Ellis: For a number of years I have felt that all is not well with the UWA.
Jane: Oh definitely. (Jane went on to explain her feelings about someone she knows there and some of the people she met. Her descriptions are too pointed to reveal at this time - pending further suport). I've felt that for a long time for sure, definitely.
Strangely enough the undercroft of Winthrop Hall, the undercroft area is exactly the type of set up, and this used to flash through my mind because my mum used to take me to these youth concerts and afterwards we used to go to the undercroft for supper. Now when I had a regression and remembered these sort of town hall type settings, the undercroft has always come to my mind. It's an undercroft of places that they use for those meetings, whether or not they've ever used that undercroft, well I'm sure they have but whether or not I was there when they used that undercroft...
Ellis: Now this padded room, this is one you say that people were chained up in?
Jane: Yes it's very small.
Ellis: How big would you say it is?
Jane: About the same as this room (this room was about 10m x 6m). With a little alcove extra or dividers it seemed to have quite a lot of shelves like a locker room or storage room of some sort.
Felt as though there was a union or something over it that the building itself was used for a union of people. Union of men, regular with the office aspect and meeting and its organisation thing but beneath was this room where only certain people accessed, no one else would go there because they weren't meant to have access to that place. But it was dark there was no light coming in around the walls it was only the one end had the shelves with the bones at the top there was a small little window where light was coming in. (2)
Ellis: So the rest of it was padded and insulated?
Jane: Uh? Padding? Now I can remember, oh that's right there were those bars like in a gymnasium remember those wooden bars they used to make you climb. I'm just not sure... there's too many things that just...
Ellis: So where did you go to school?
Jane: *****, Mosman Park, you know 50% of the girls that go to ***** their families are abusing families or in that blood line.
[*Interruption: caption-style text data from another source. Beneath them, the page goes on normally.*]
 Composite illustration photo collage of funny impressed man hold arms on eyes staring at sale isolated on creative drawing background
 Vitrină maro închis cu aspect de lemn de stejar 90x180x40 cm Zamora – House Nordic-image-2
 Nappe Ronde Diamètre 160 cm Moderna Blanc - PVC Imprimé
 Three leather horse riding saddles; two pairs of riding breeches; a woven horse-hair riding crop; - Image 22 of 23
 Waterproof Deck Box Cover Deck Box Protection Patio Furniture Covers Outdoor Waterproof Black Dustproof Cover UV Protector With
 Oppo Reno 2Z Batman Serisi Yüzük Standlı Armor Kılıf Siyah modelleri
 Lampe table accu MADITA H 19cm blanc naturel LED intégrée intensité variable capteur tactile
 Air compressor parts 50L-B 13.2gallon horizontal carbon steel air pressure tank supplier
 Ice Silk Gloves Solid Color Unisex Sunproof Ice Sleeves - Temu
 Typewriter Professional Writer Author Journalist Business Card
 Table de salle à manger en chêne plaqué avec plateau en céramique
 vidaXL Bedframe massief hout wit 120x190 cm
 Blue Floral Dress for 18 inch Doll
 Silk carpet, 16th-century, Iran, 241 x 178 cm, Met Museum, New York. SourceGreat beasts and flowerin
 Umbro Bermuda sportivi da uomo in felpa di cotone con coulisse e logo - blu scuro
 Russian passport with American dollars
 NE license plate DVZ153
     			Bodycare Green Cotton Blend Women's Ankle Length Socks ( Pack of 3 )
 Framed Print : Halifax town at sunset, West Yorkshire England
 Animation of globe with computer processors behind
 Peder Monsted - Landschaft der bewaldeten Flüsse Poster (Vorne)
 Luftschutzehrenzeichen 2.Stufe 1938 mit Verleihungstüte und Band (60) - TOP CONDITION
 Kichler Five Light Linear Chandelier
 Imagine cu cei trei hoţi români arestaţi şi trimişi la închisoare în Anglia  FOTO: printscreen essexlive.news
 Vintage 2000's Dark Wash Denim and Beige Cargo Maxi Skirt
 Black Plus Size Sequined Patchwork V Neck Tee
Very sick, in my time very sick girls were at that school.
Ellis: And where is that?
Jane: *****
Ellis: So what's your relationship with your mum now?
Jane: It's a really weird thing. Firstly, when I remembered and I compiled a list of questions. I remembered about my dad before I remembered about the men and I went to my mum and I had 2 pages full of questions and I said, "Mum, I've remembered something very disturbing and I need to ask you these questions." And she sat down with me and I was very business-like and the anger that I had was like a power to do this thing. I wasn't frightened of doing it. And the questions were like, "Did we ever have a green standing- lamp in the sitting room with little while bobbles around the bottom?" Because I remember my father abusing me in the mouth when my mum was out studying Greek or studying some night school thing she went to; and I doubted my dad had abused me, but I figured well I saw the lamp next to him and I can't remember us having that lamp; so if I asked my mum if we had a lamp like that, that would prove the memory. And she said yes straight off, yes we did, and that really must have terrified me to think that all the things that I remembered were actually real because this is in the early days and instead of keeping my power, I suddenly went, "Woww," you know like... Firstly when I was questioning her she was shaking and I was thinking, 'This isn't a good sign she obviously is guilty. Why's she shaking?' and then when I got that sort of shock suddenly she turned into this raging... she took the power, right and she strup, "How dare you?" and did all this stuff and I had lost my power, but said to her " Well obviously it is true." And we had this screaming thing and I left and apparently .. she told me this she must have told me this or else how would I have know it? She rang a psychiatrist and said " My daughter's saying she was sexually abused as a child and what rubbish!" And apparently the psychiatrist said " When someone says they have been sexually abused and they have just remembered it, the best thing you can do is honour that. People don't make these things up." And apparently she slammed down the phone in a rage.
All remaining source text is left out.